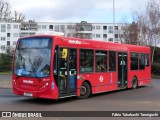 Metroline DE1171 na cidade de London, Greater London, Inglaterra, por Fábio Takahashi Tanniguchi. ID da foto: :id.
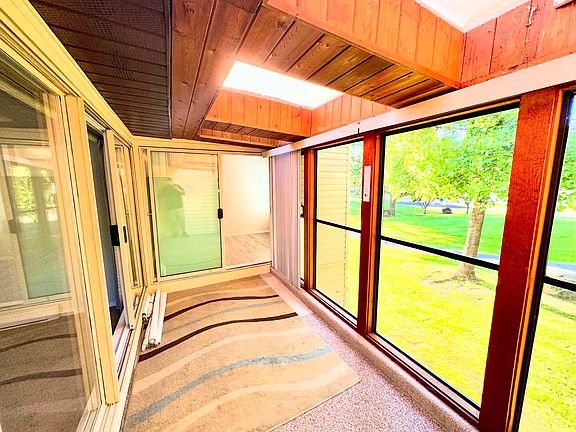 2nd image of 45915 Cheam Ave #16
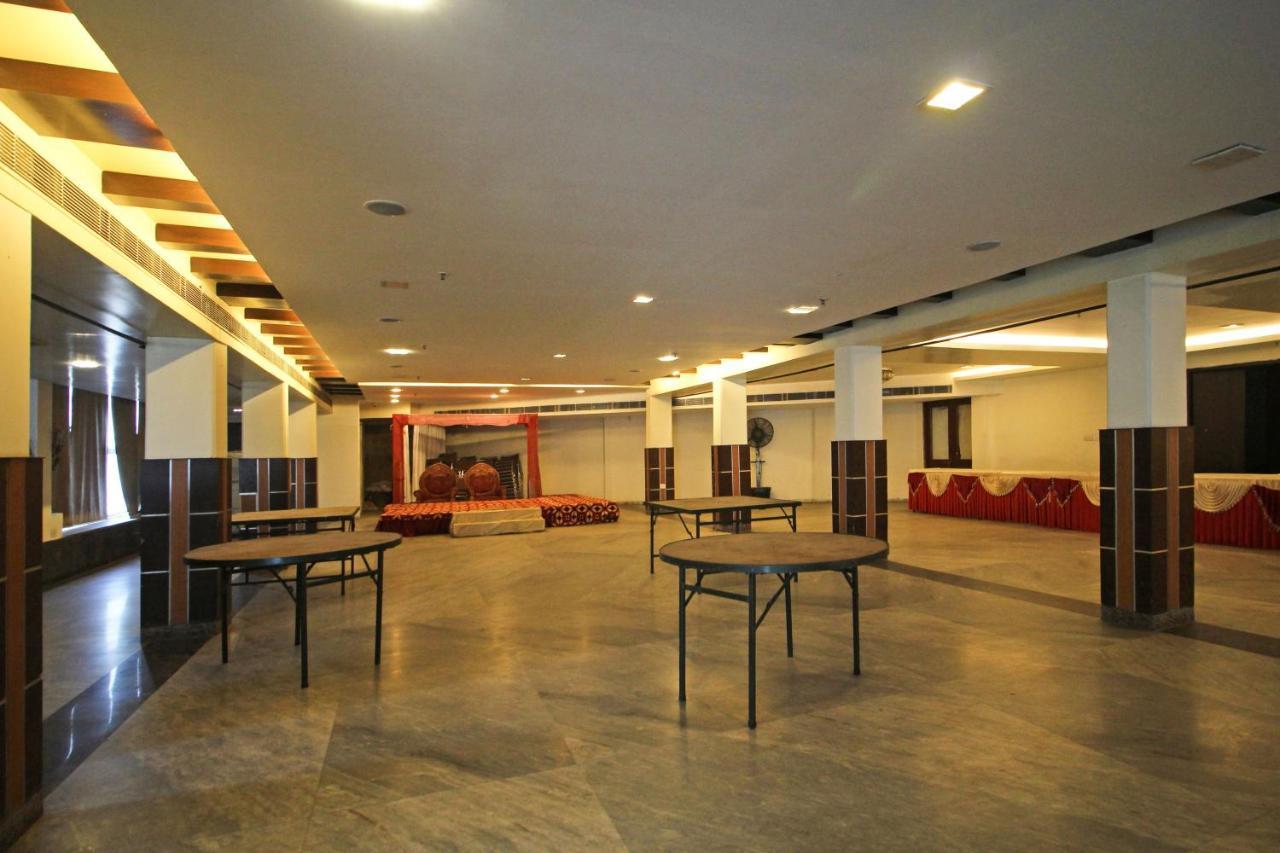 Capital O 7331 Hotel Downtown Нью-Дели Экстерьер фото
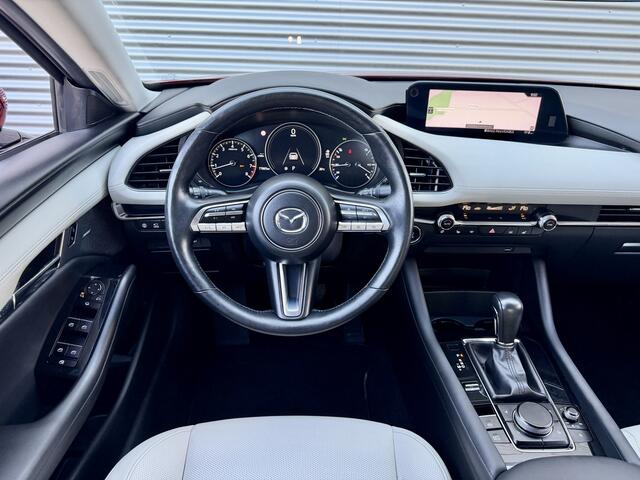 Mazda 3 2.0 M Hybrid 180PK Luxury *1e Eigenaar!* Leder / HUD / 360 Camera / Stoel/Stuurverwarming / Adapt. Cruise / 18"LMV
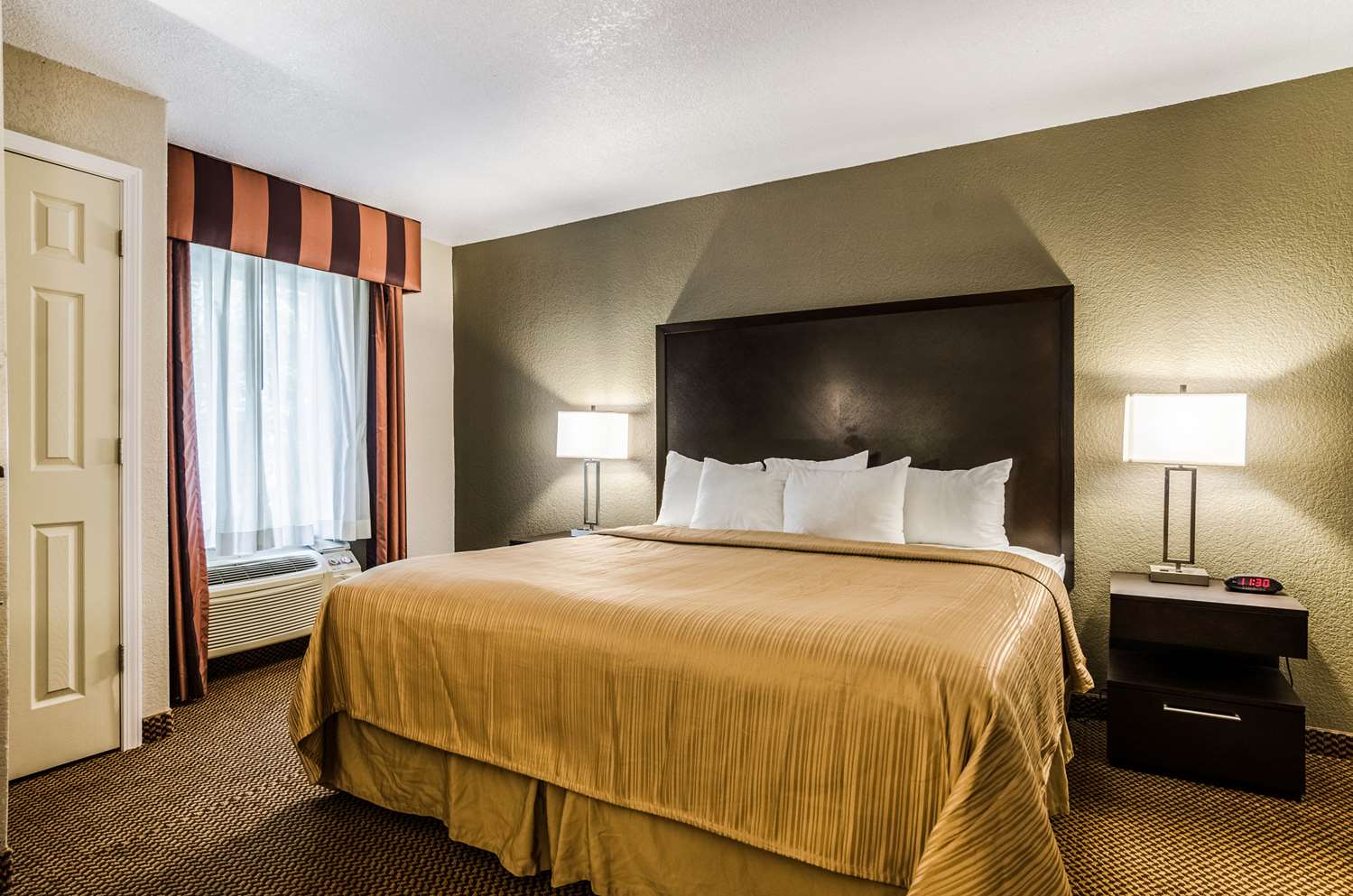Quality Inn & Suites Winfield 12/44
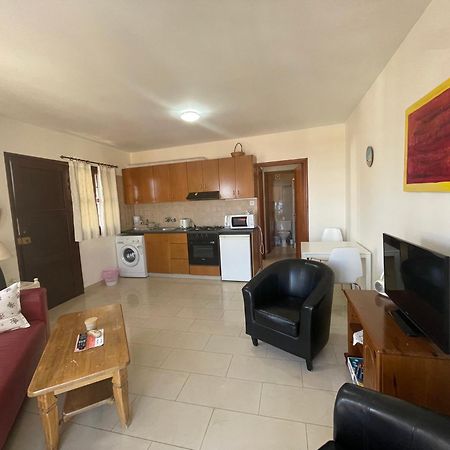 Sea View Apartments Писури Екстериор снимка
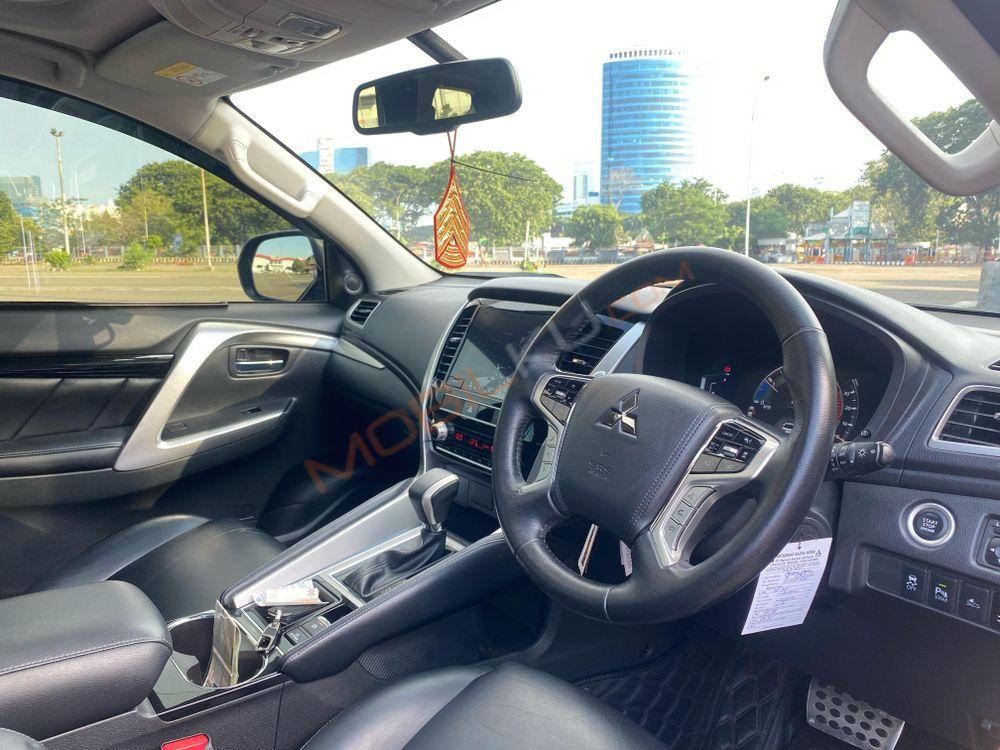 Mobil Mitsubishi Pajero Sport 2022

■ EXERCISE INSTRUCTIONS
Restate the full listing word for word, excluding images.

■ OUTPUT
 Metroline DE1171 na cidade de London, Greater London, Inglaterra, por Fábio Takahashi Tanniguchi. ID da foto: :id.
 2nd image of 45915 Cheam Ave #16
 Capital O 7331 Hotel Downtown Нью-Дели Экстерьер фото
 Mazda 3 2.0 M Hybrid 180PK Luxury *1e Eigenaar!* Leder / HUD / 360 Camera / Stoel/Stuurverwarming / Adapt. Cruise / 18"LMV
Quality Inn & Suites Winfield 12/44
 Sea View Apartments Писури Екстериор снимка
 Mobil Mitsubishi Pajero Sport 2022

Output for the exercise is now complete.